Exactly the lines from the one with "Alt view image" through the end of the data below must be set down, and no pictures with them.

Stored data
****************************************
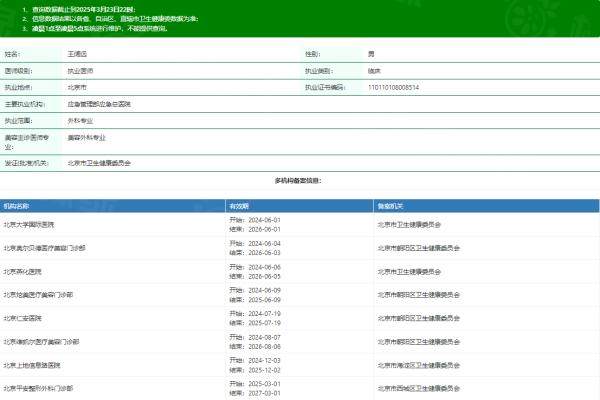 北京奧爾貝德王闊遠okostu.com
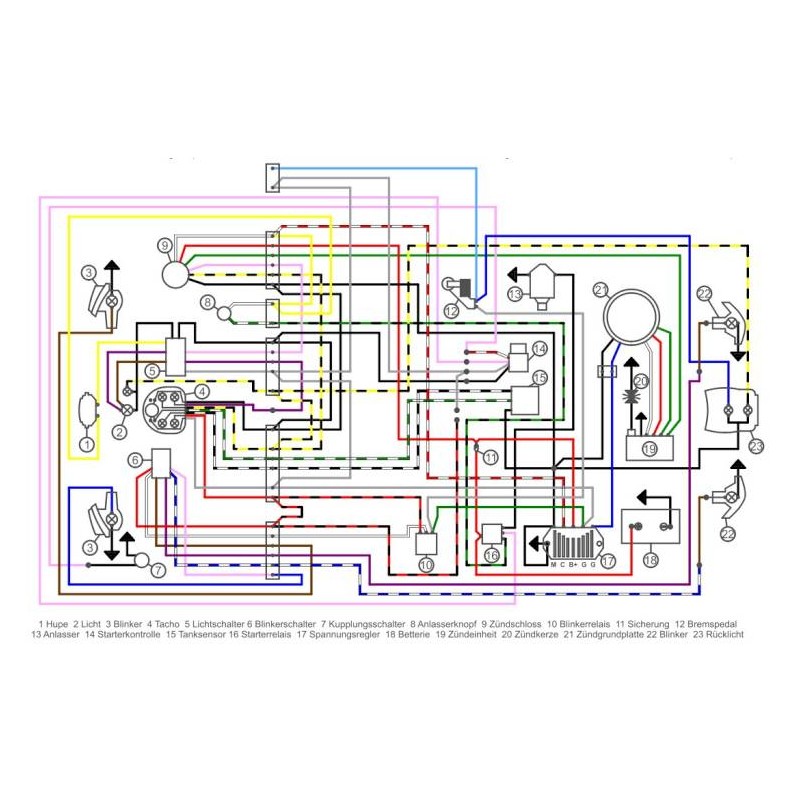 Wiring Loom PX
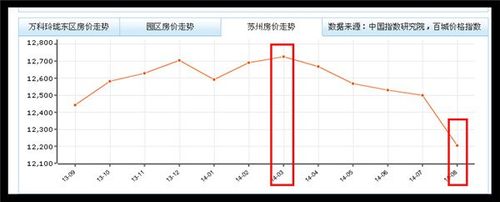 苏州房价走势2013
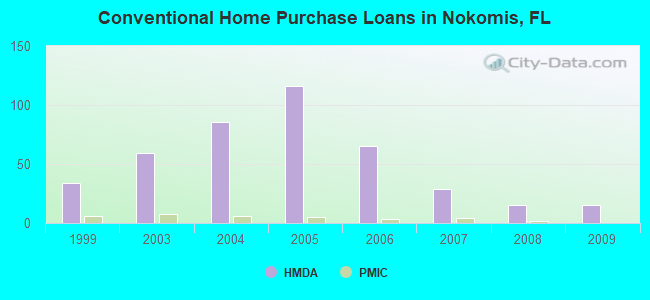 Conventional Home Purchase Loans in Nokomis, FL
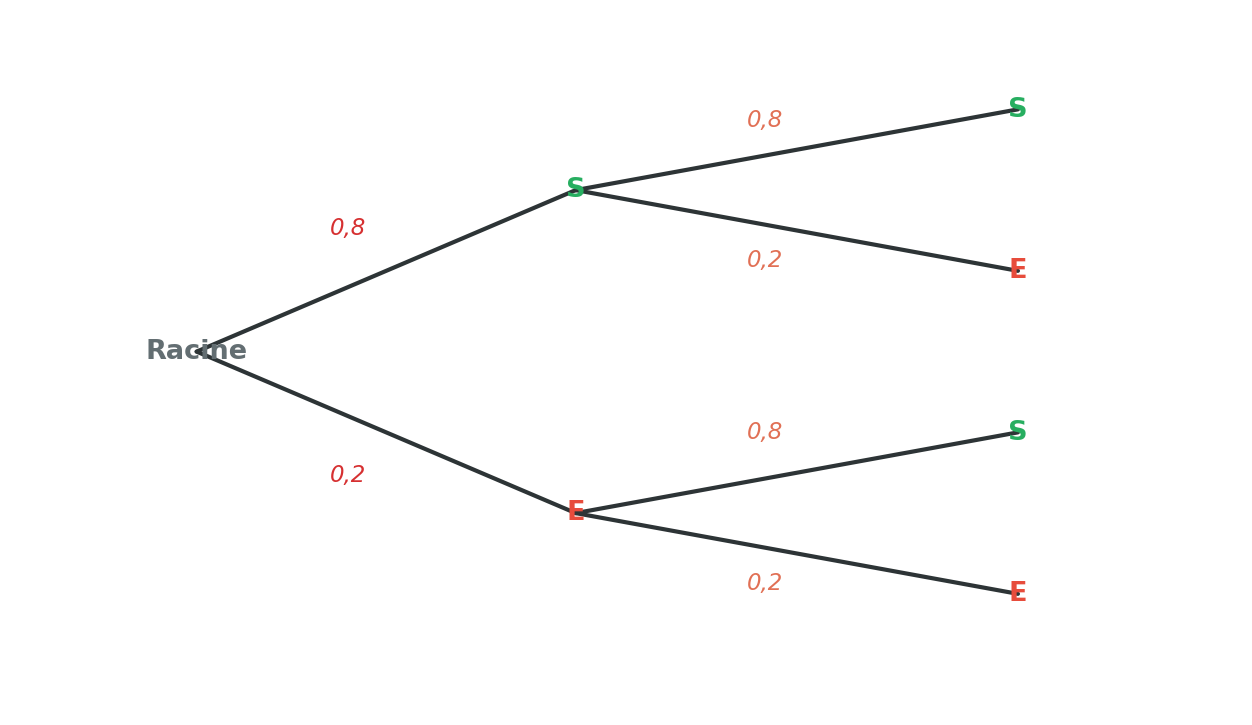 Arbre de probabilité exercice 3 : deux essais indépendants, succès 0,8 et échec 0,2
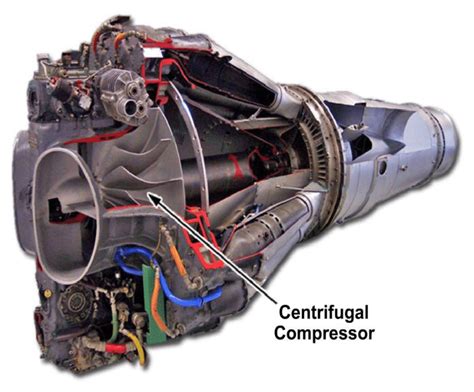 Centrifugal Compressor Jet Engine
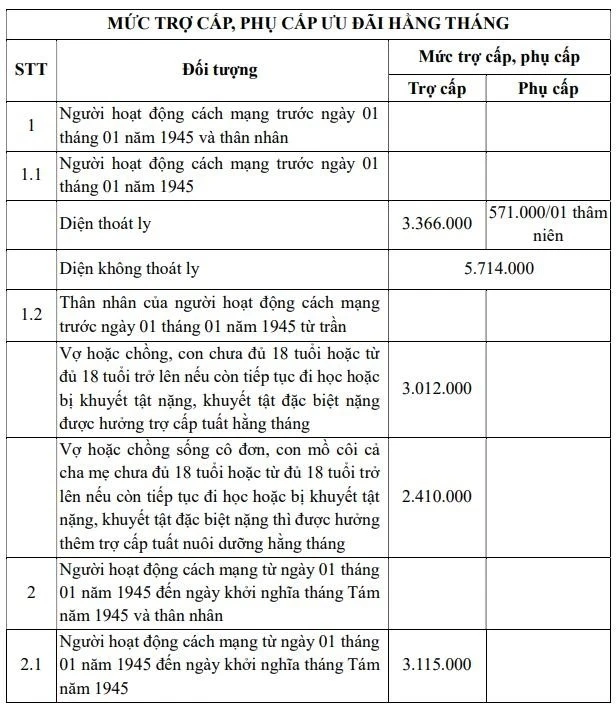 Đề xuất tăng trợ cấp đối với người có công với cách mạng từ ngày 01/01/2027 ảnh 1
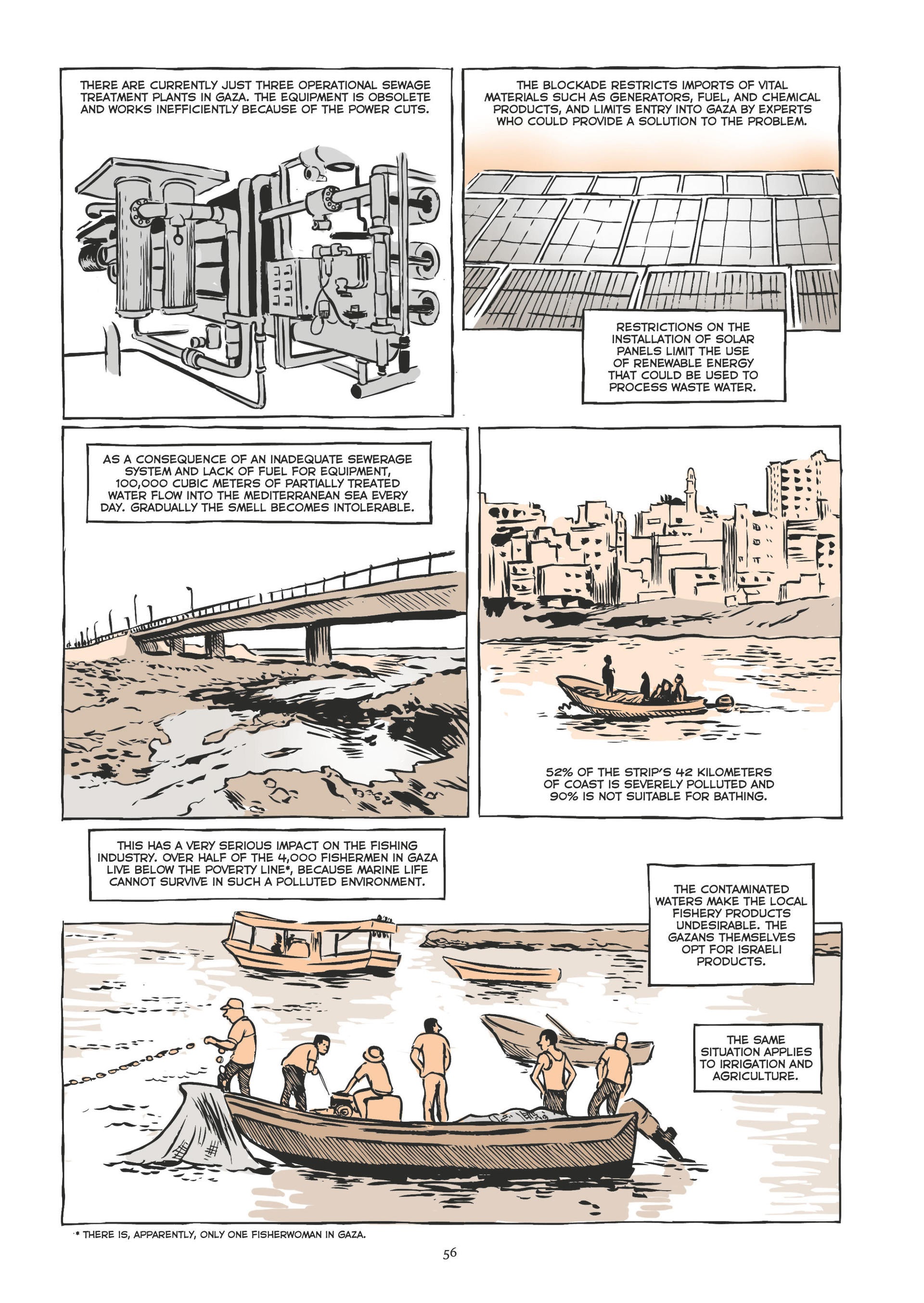 Read online Life Under Occupation comic -  Issue # TPB - 56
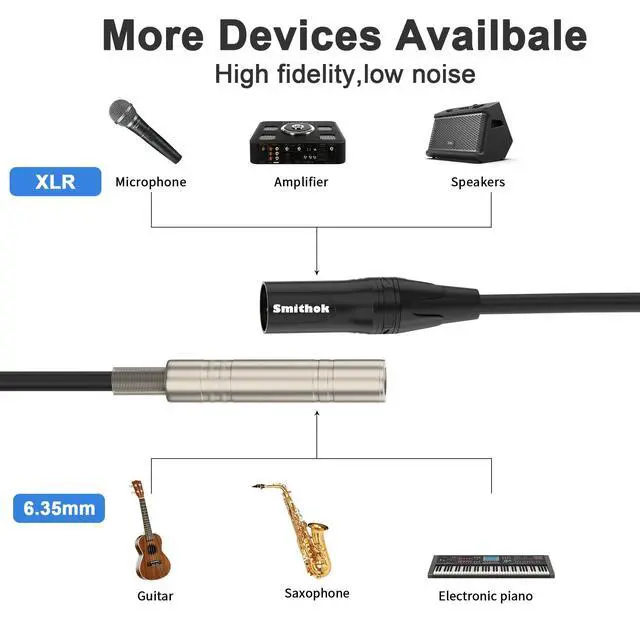 Alt view image 3 of 7 - 2 Pack 1/4 to XLR Cable,Balanced 1/4" Female to XLR Male Stereo Audio Adapter,XLR Male to TS/TRS Quarter inch Connector Converter Interconnect Cable - 11.8 inches (30 cm)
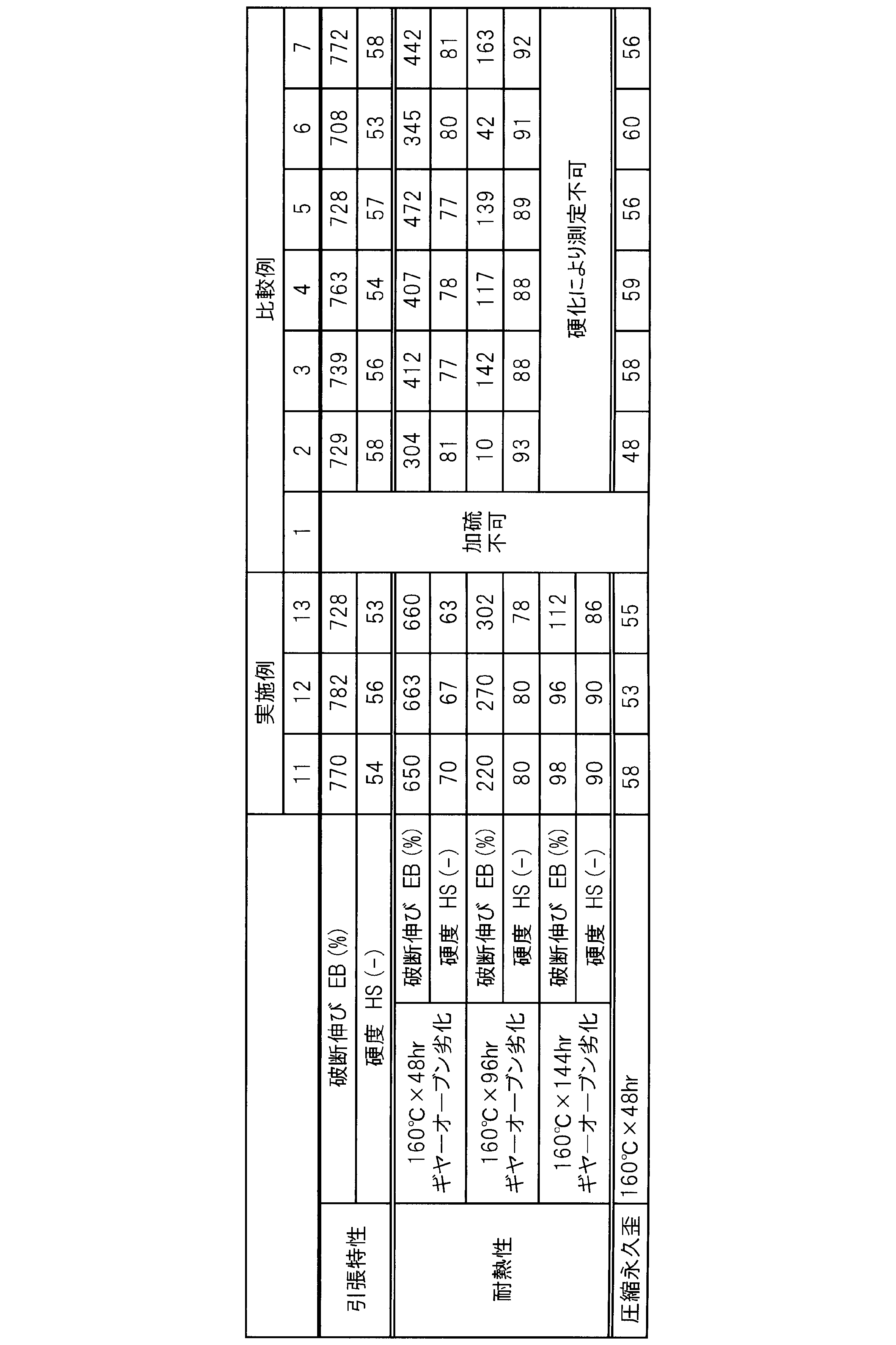Figure JPOXMLDOC01-appb-T000004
****************************************
# Response area:
 Alt view image 3 of 7 - 2 Pack 1/4 to XLR Cable,Balanced 1/4" Female to XLR Male Stereo Audio Adapter,XLR Male to TS/TRS Quarter inch Connector Converter Interconnect Cable - 11.8 inches (30 cm)
Figure JPOXMLDOC01-appb-T000004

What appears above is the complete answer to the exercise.